Os incendiários da estrada
Quando os incêndios dispararam, no Verão passado, toda a gente estava de férias. A começar pelo governo, pela oposição e pela Assembleia da República. Todos tiveram dificuldades em perceber a situação e tarde se voltaram para ela. Não revestia, naturalmente, a importância da inauguração de um qualquer estádio de futebol. Mesmo que fosse apenas para que, para já, se treinasse o ministro Arnault, como hoje aconteceu no de Faro e Loulé. Alguém disse mesmo que as consequências dos incêndios tinham sido irrelevantes, apenas um reduzido número de pessoas tinha perdido a vida. A grande maioria continuava felizmente viva.

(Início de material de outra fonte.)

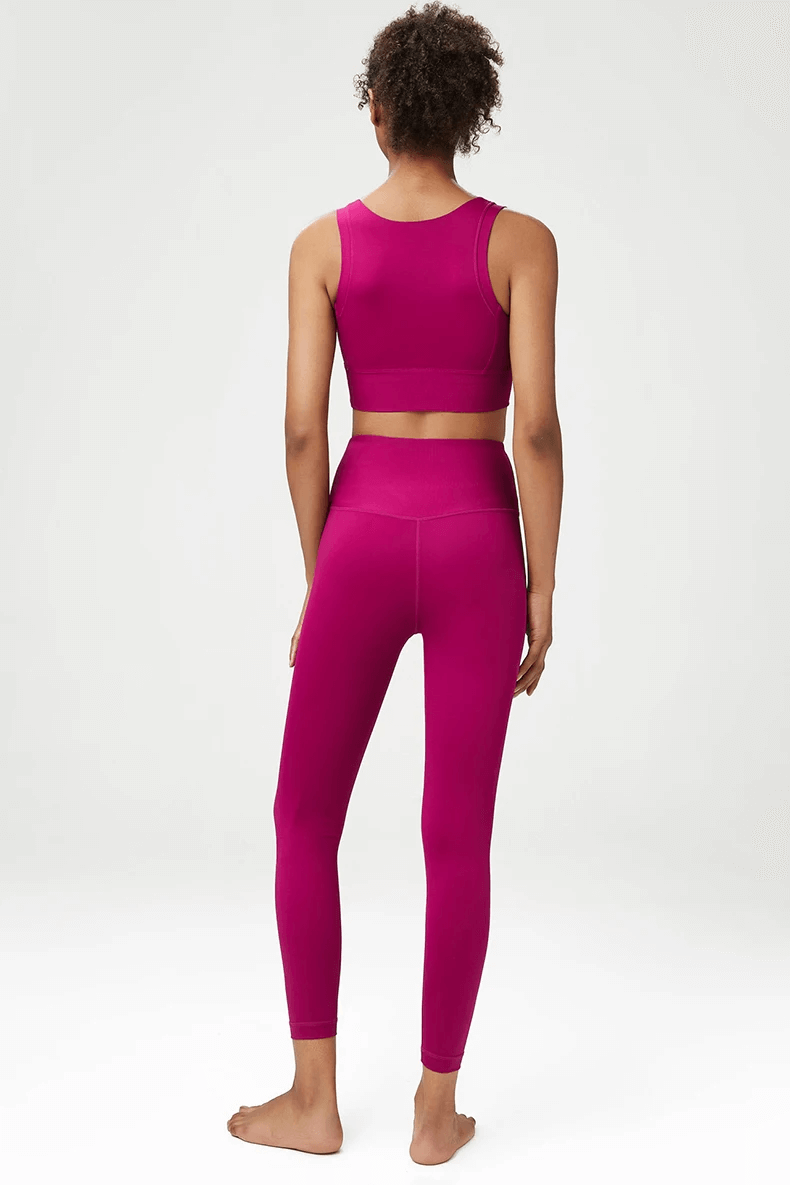 Woman wearing seamless yoga gear set in vivid pink, featuring a sports bra and leggings, ideal for yoga and fitness. SF2086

Agora, sem a divulgação dos resultados dos milhentos inquéritos em que somos pródigos, pela calada e à má fila, o governo proclama que os culpados são os incendiários da estrada, vulgarmente conhecidos por automobilistas e perseguidos pela brigada de trânsito por excesso de velocidade.
As circunstâncias em que os condena são transparentes e normais, à semelhança de tudo o que usualmente faz. Só que, desta vez, estranhamente, dou por mim a aceitar a situação e a manifestar-me solidário com ela. De facto somos os culpados, e incluo-me porque também ando, às vezes, nas estradas. Outras, como a maioria, limito-me a engrossar as filas de espera e a fazer gincana no meio das obras permanentes que a Brisa vai tentando realizar para nosso conforto e comodidade. Enquanto pagamos as portagens por inteiro.
Portanto a responsabilidade está bem atribuída. Porque de facto as estradas andam muitas vezes pelo meio da floresta, esmagam insectos, assustam animais, derrubam árvores, pintam de negro a serra d’Aire e Candeeiros. Criam condições para que ocorram acidentes, haja mortos e feridos, se percam viaturas com prejuízo para os proprietários e para as companhias de seguros. Com que benefícios? Apenas o do ministro das obras públicas cortar uma fita e percorrer o troço inaugurado sem radar a controlar-lhe a velocidade.
Depois uns cêntimos de aumento no preço dos combustíveis nem aquecem, nem arrefecem. Assim por assim, já estamos habituados a que isso aconteça com tudo. E, pelo menos, no preço dos combustíveis não somos de certeza os últimos da Europa. Era o que faltava, pelintras!